GOLDBERG SEGALLA LLP, SYRACUSE (HEATHER K. ZIMMERMAN OF COUNSEL), FOR DEFENDANTS–APPELLANTS.
JOHN J. RASPANTE, UTICA, FOR PLAINTIFF–RESPONDENT.
PRESENT: CENTRA, J.P., CARNI, LINDLEY, NEMOYER, AND TROUTMAN, JJ.
MEMORANDUM AND ORDER It is hereby ORDERED that the amended order so appealed from is unanimously reversed on the law without costs and the motion is denied.
Memorandum: Plaintiff commenced this action seeking damages for decedent's wrongful death and conscious pain and suffering. Because decedent, who suffered from developmental disabilities, was unable to chew and swallow normally, specific protocols were in place to prevent her from choking on her food. Despite those protocols, decedent died after choking on a doughnut while in defendants' care. In her complaint, plaintiff alleged that defendants were negligent in failing to employ the required protocols.
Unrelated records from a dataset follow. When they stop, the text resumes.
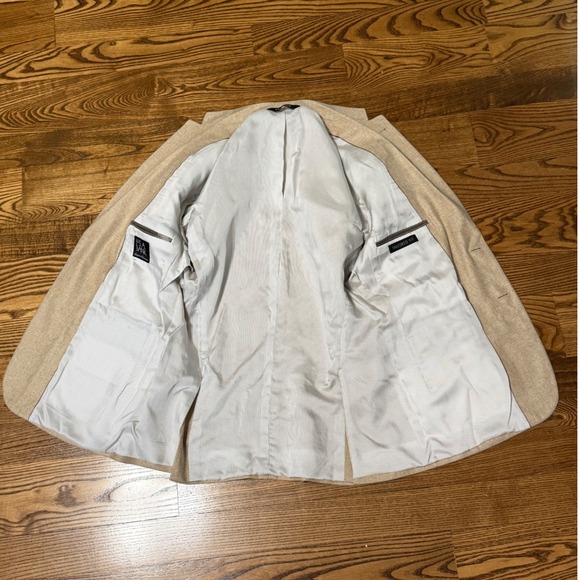 Jos A Bank Signature Silk Sport Coat Tan 40 Short Blazer Mens Jacket Derby - Picture 4 of 14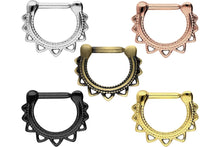 Laden Sie das Bild in den Galerie-Viewer, Septum Daith Clicker Multiple Spitzen piercinginspiration®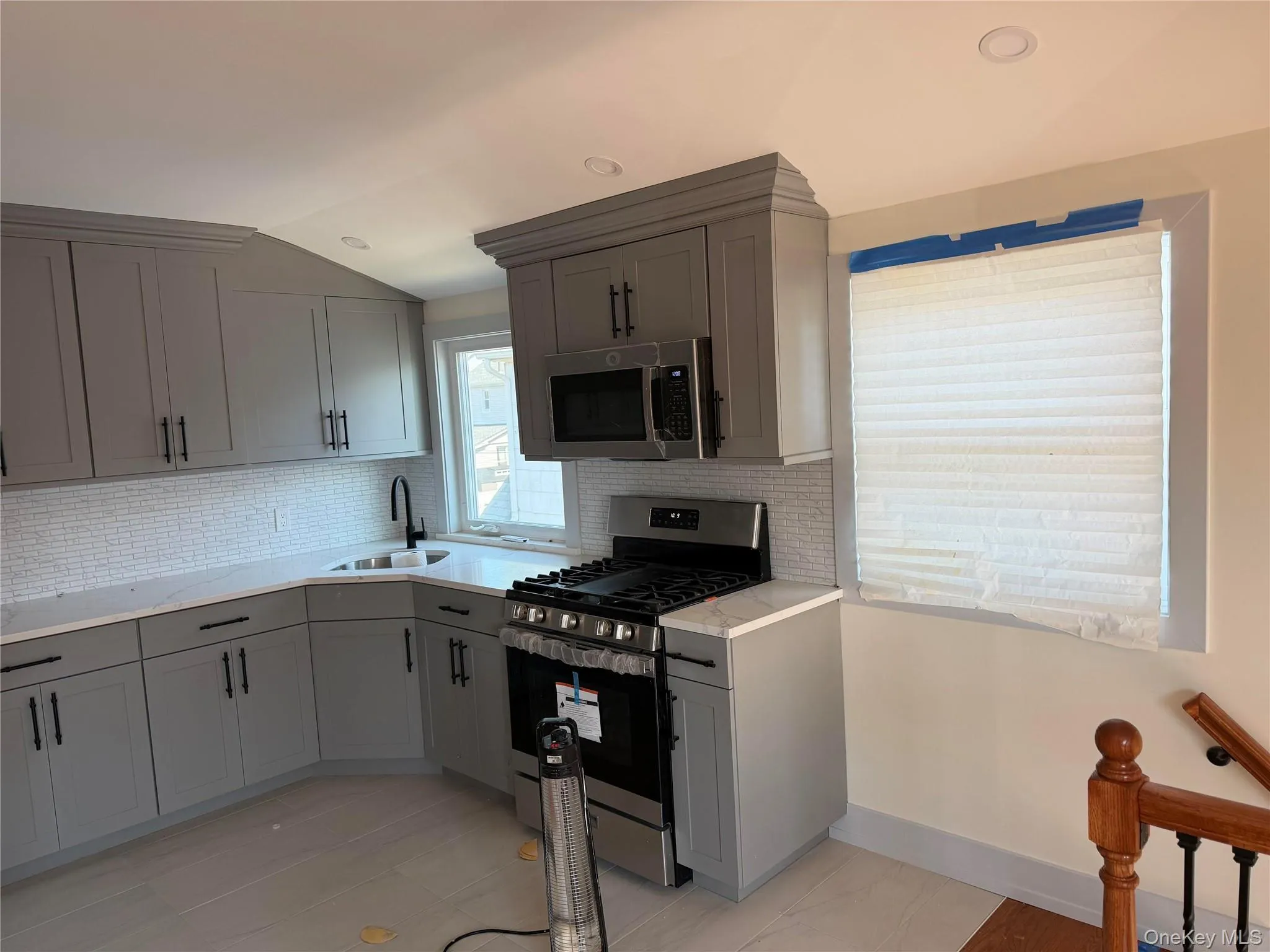 202-07 Linden Boulevard, New York, NY, 3 Bedrooms Bedrooms, 6 Rooms Rooms,1 BathroomBathrooms,Residential Lease,For Rent,Linden,0,983008 202-07 Linden Boulevard, New York, NY, 3 Bedrooms Bedrooms, 6 Rooms Rooms,1 BathroomBathrooms,Residential Lease,For Rent,Linden,0,983008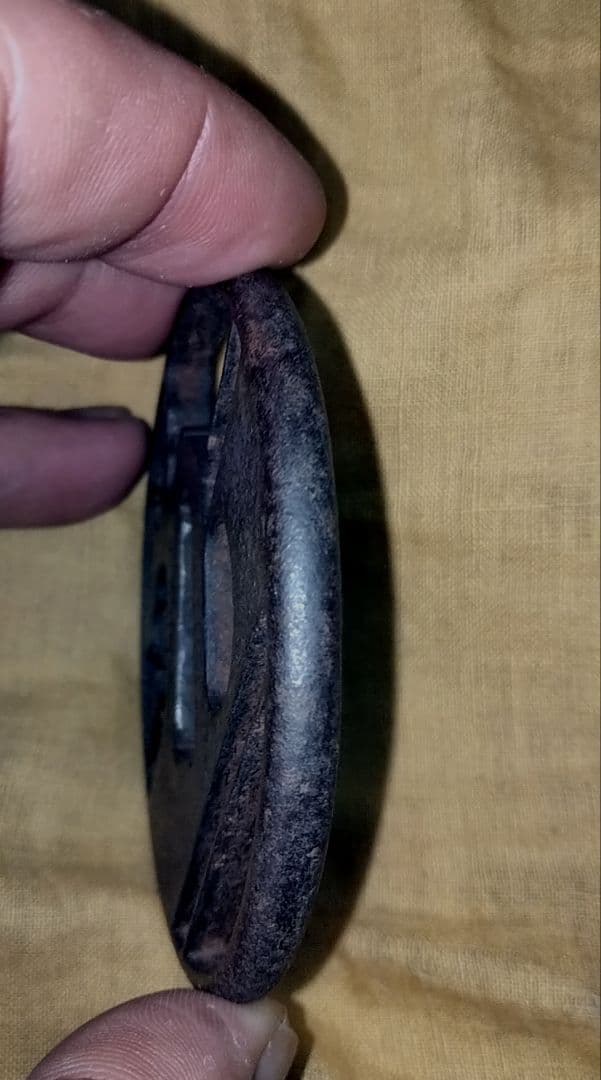 ♦最終価格♦鉄鍔　鐔(土佐国住　明珍紀利雄　桐に引両図透かし)　江戸時代　箱付き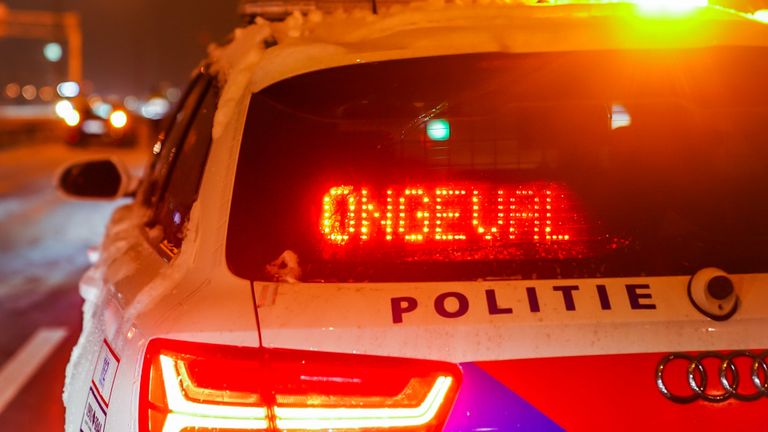 De politie waarschuwde aankomende automobilisten bij de plaats van het ongeluk (foto: Sem van Rijssel/SQ Vision).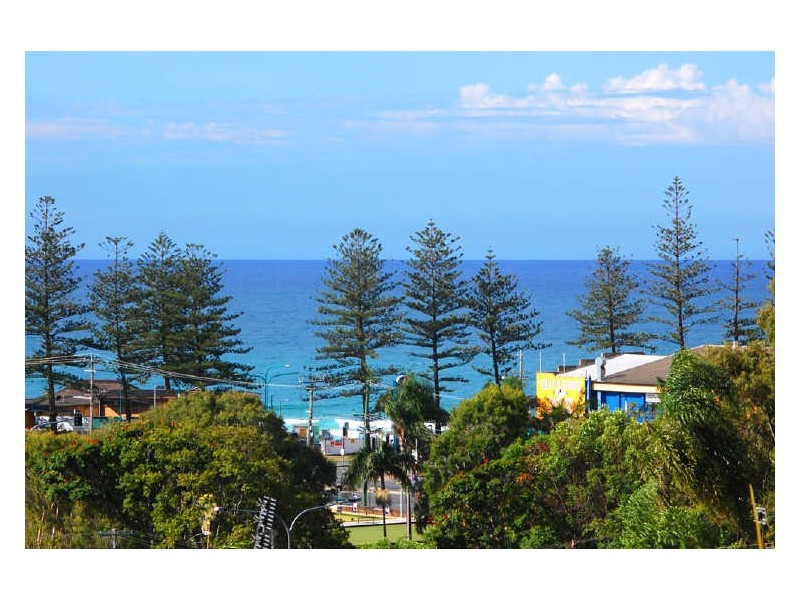 9 Hill Avenue, Burleigh Heads QLD 4220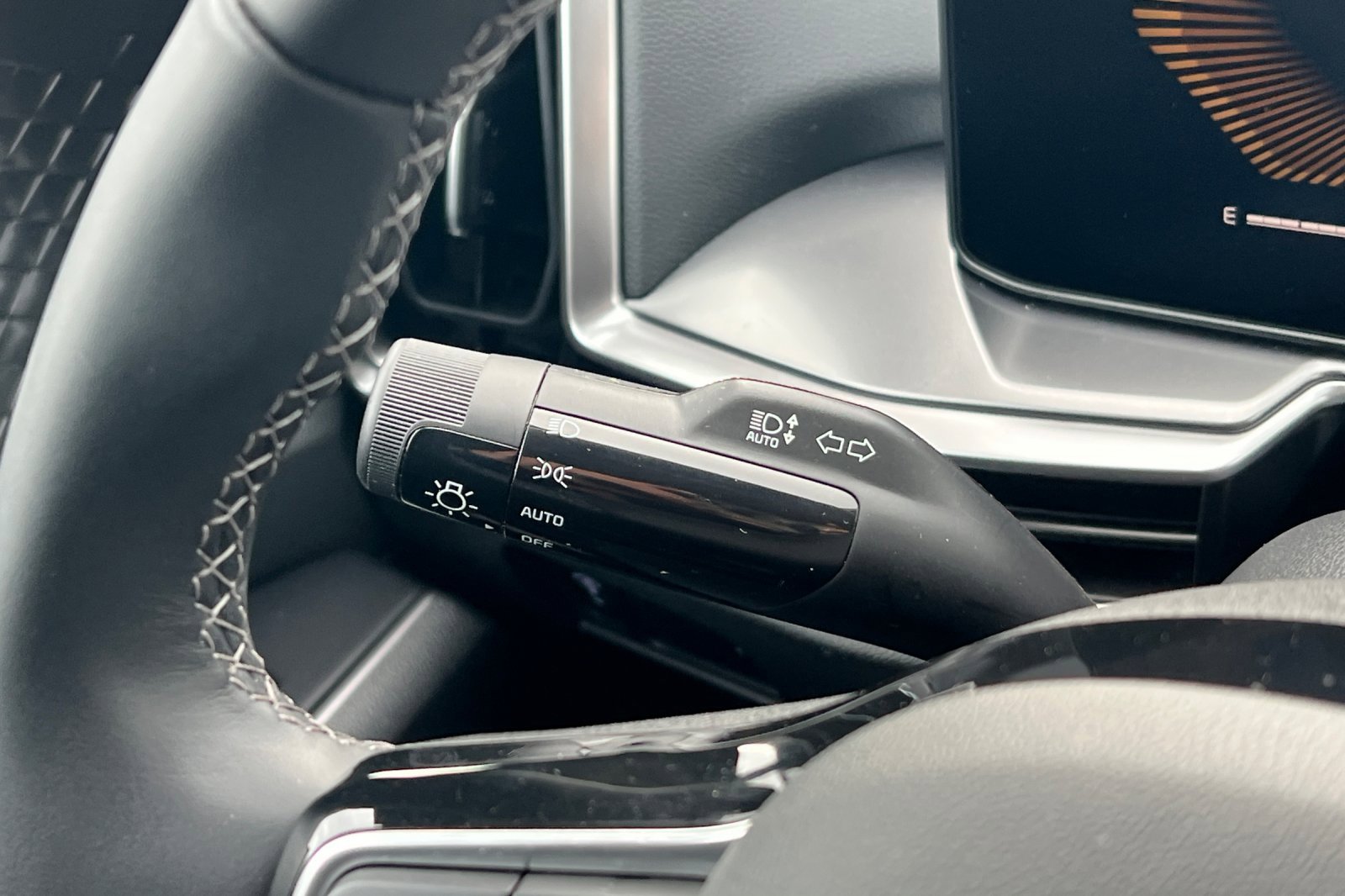 Certified 2025 Kia Sorento S image 39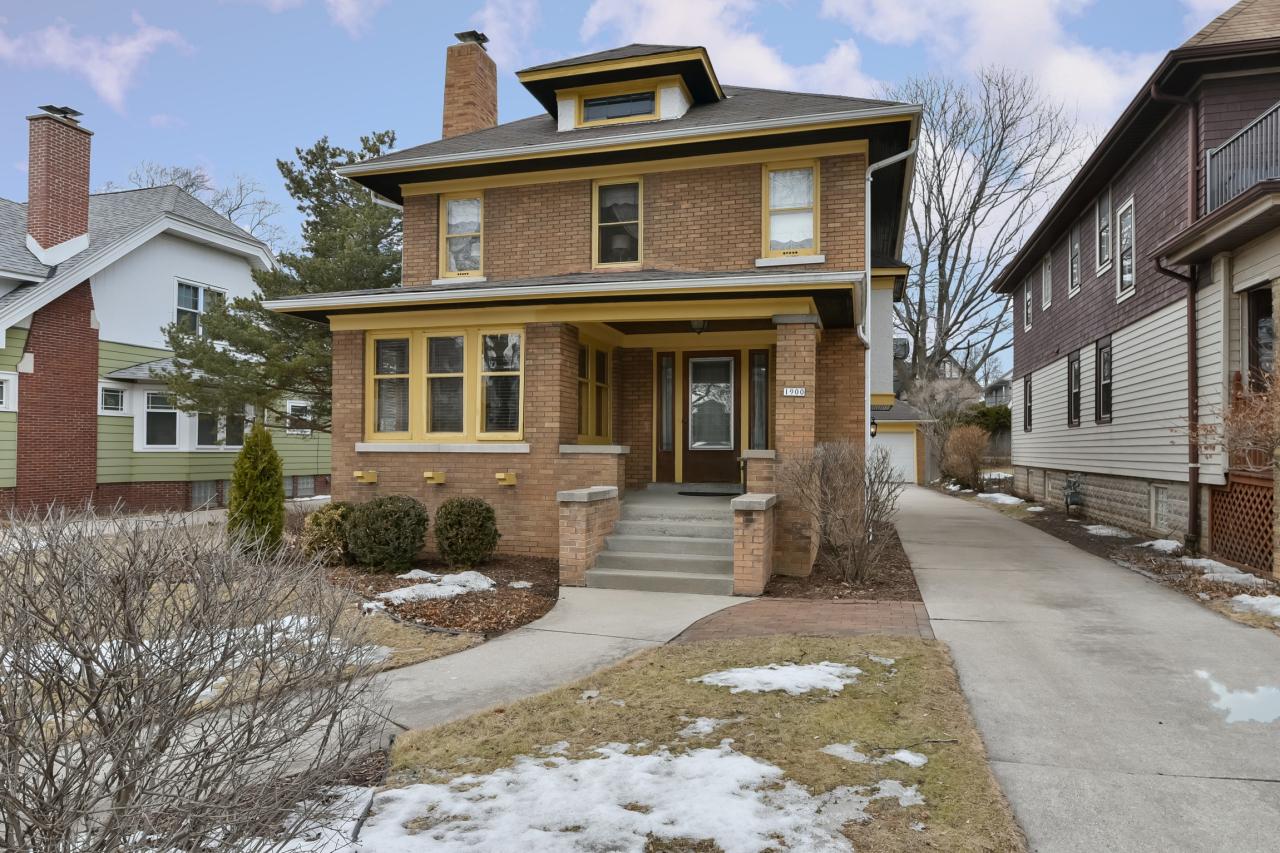 1900 E Olive St, Shorewood, WI 53211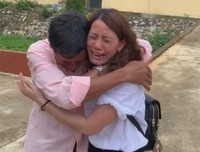 [ẢNH] Những cuộc hội ngộ đẫm nước mắt sau nhiều năm mất tích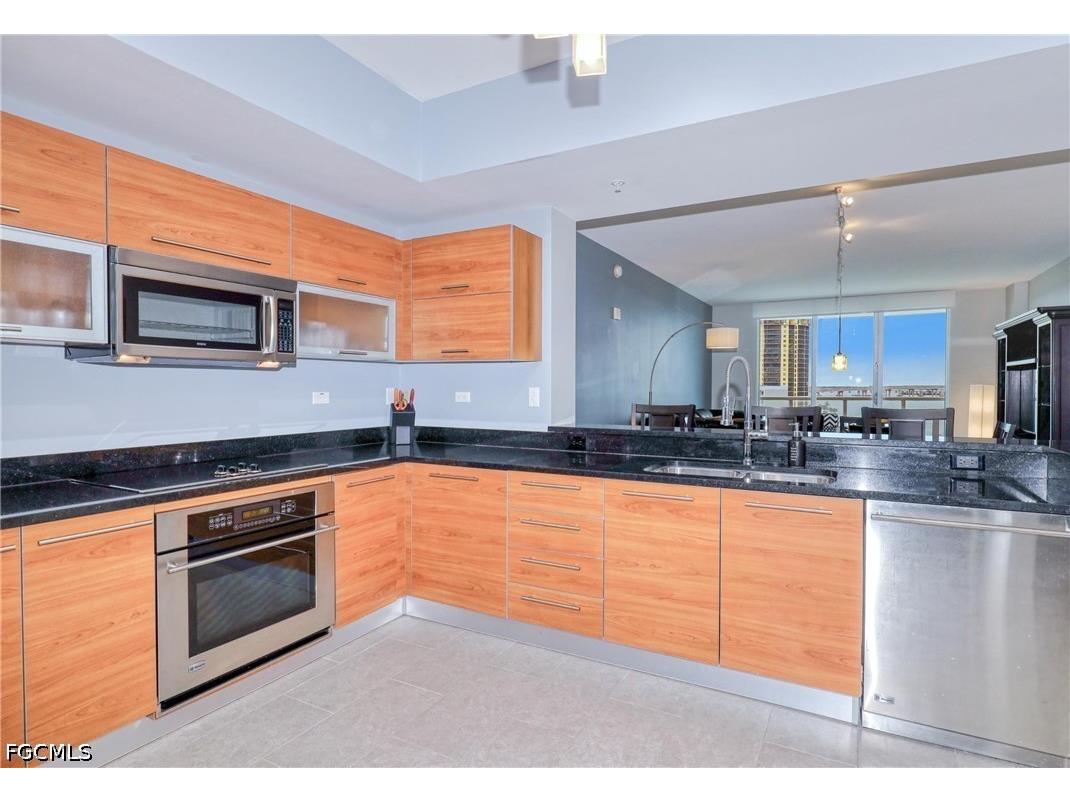 3000 Oasis Grand Boulevard #701 Fort Myers FL 33916 2026015620 image6
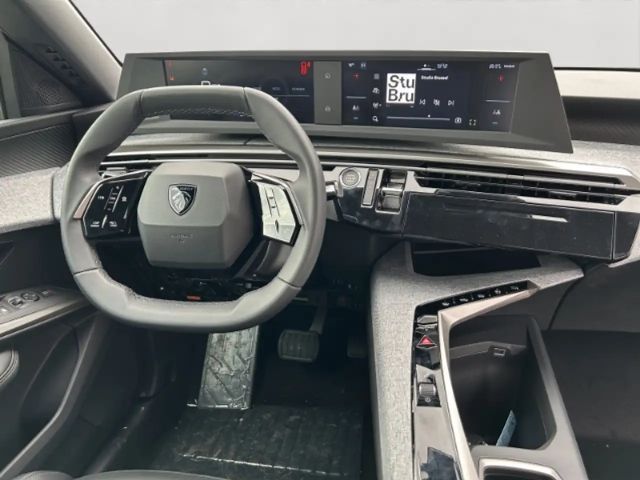 Peugeot E-5008 Allure Pack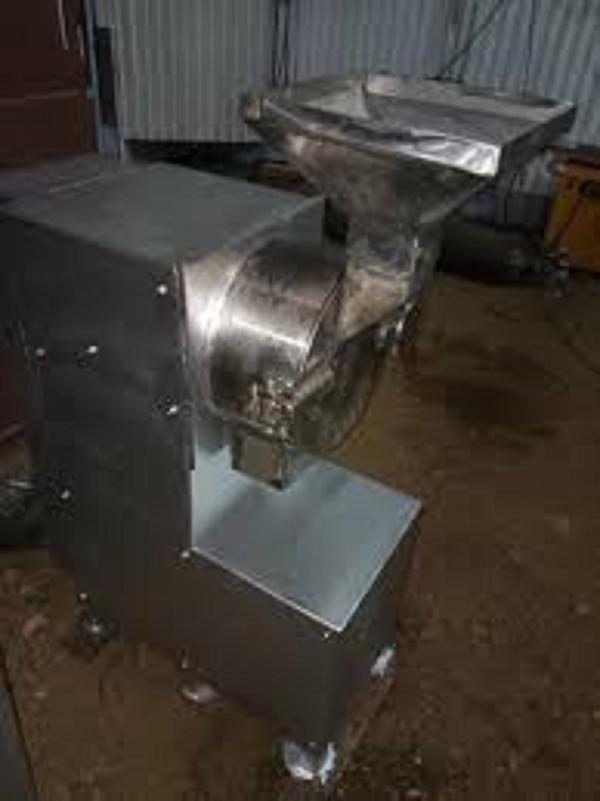 The Mariya Pulverizer Machine is designed for efficient grinding of various materials into fine powder. It offers a capacity of 50 kg per hour, making it suitable for commercial use. The machine is made with SS202 and SS304 stainless steel, ensuring durability and hygienic processing. It is equipped with a powerful motor for smooth and high-performance operation. It delivers uniform and fine output with minimal wastage. The machine is easy to operate and reduces manual effort. Its compact and sturdy design ensures stable performance during continuous use. It is also easy to clean, low maintenance, and budget friendly for businesses.
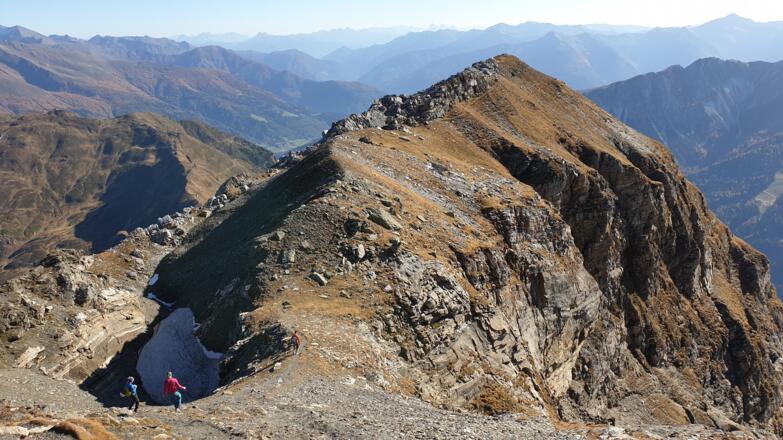 Abstieg über den Grat nach Süden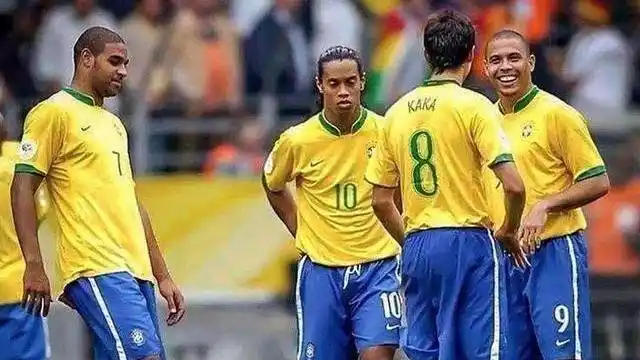 随着媒体的 随着媒体的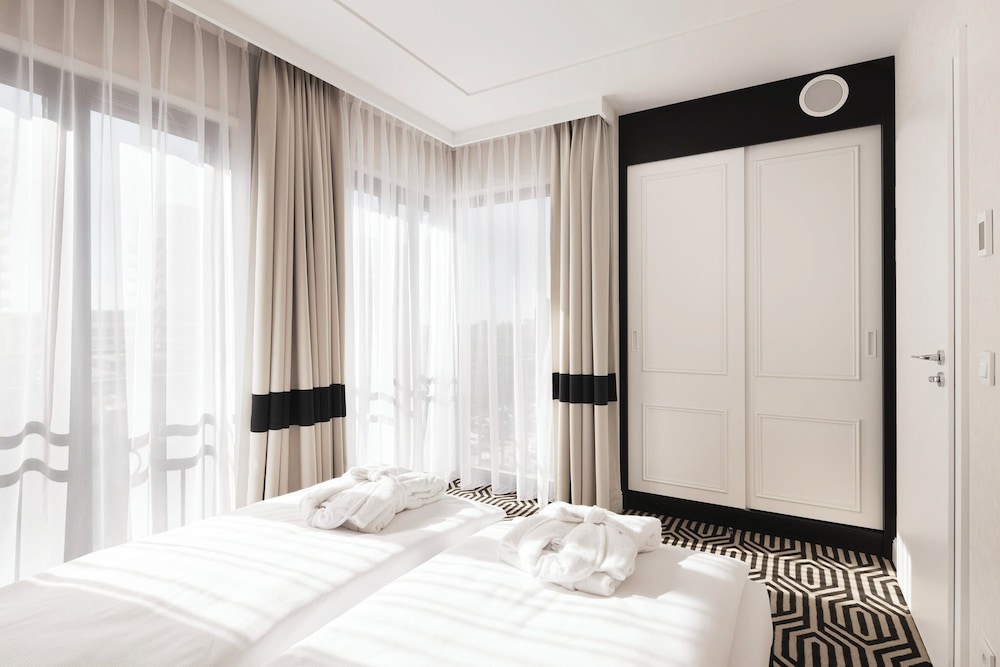 Suite, 2 Bedrooms - Photo 2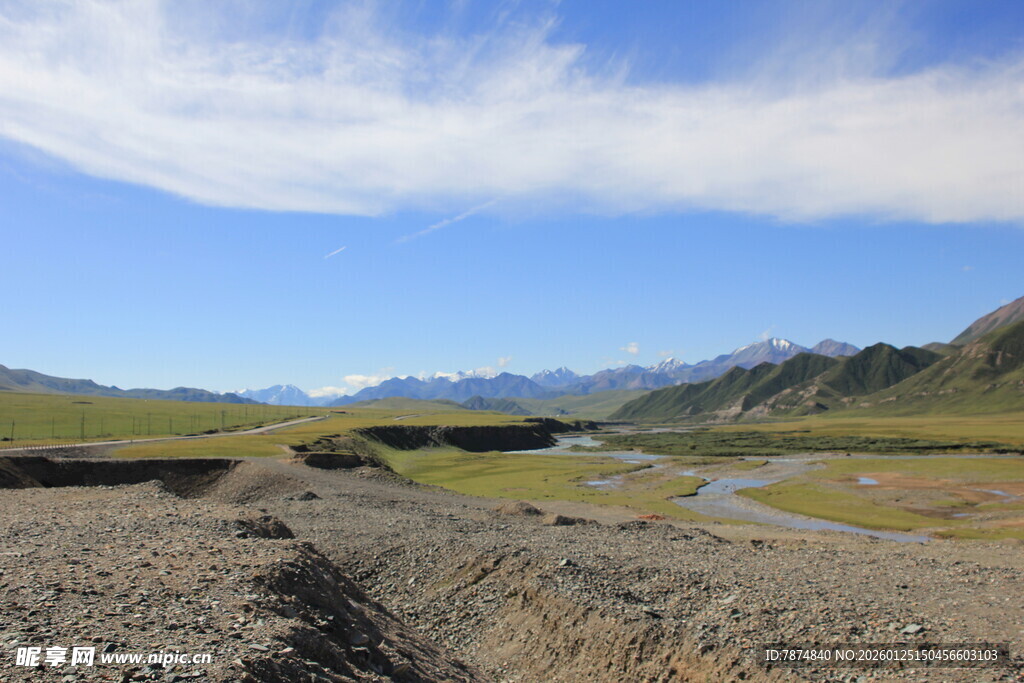 山间旷野中的蜿蜒河流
Plaintiff later moved for leave to amend the complaint to add a cause of action for gross negligence and a demand for punitive damages. We agree with defendants-appellants that Supreme Court abused its discretion in granting the motion (see Wojtalewski v. Central Sq. Cent. Sch. Dist., 161 A.D.3d 1560, 1561, 77 N.Y.S.3d 255 [4th Dept. 2018] ). Although leave to amend a pleading, as a general rule, should be freely granted (see CPLR 3025 ; Baker v. County of Oswego, 77 A.D.3d 1348, 1350, 909 N.Y.S.2d 600 [4th Dept. 2010] ), here we conclude that the proposed amendment is patently meritless because plaintiff's allegations sound only in ordinary negligence (see Carthon v. Buffalo Gen. Hosp. Deaconess Skilled Nursing Facility Div., 83 A.D.3d 1404, 1405, 921 N.Y.S.2d 746 [4th Dept. 2011] ; see generally Colnaghi, U.S.A. v. Jewelers Protection Servs., 81 N.Y.2d 821, 823–824, 595 N.Y.S.2d 381, 611 N.E.2d 282 [1993] ). We therefore reverse the amended order and deny the motion.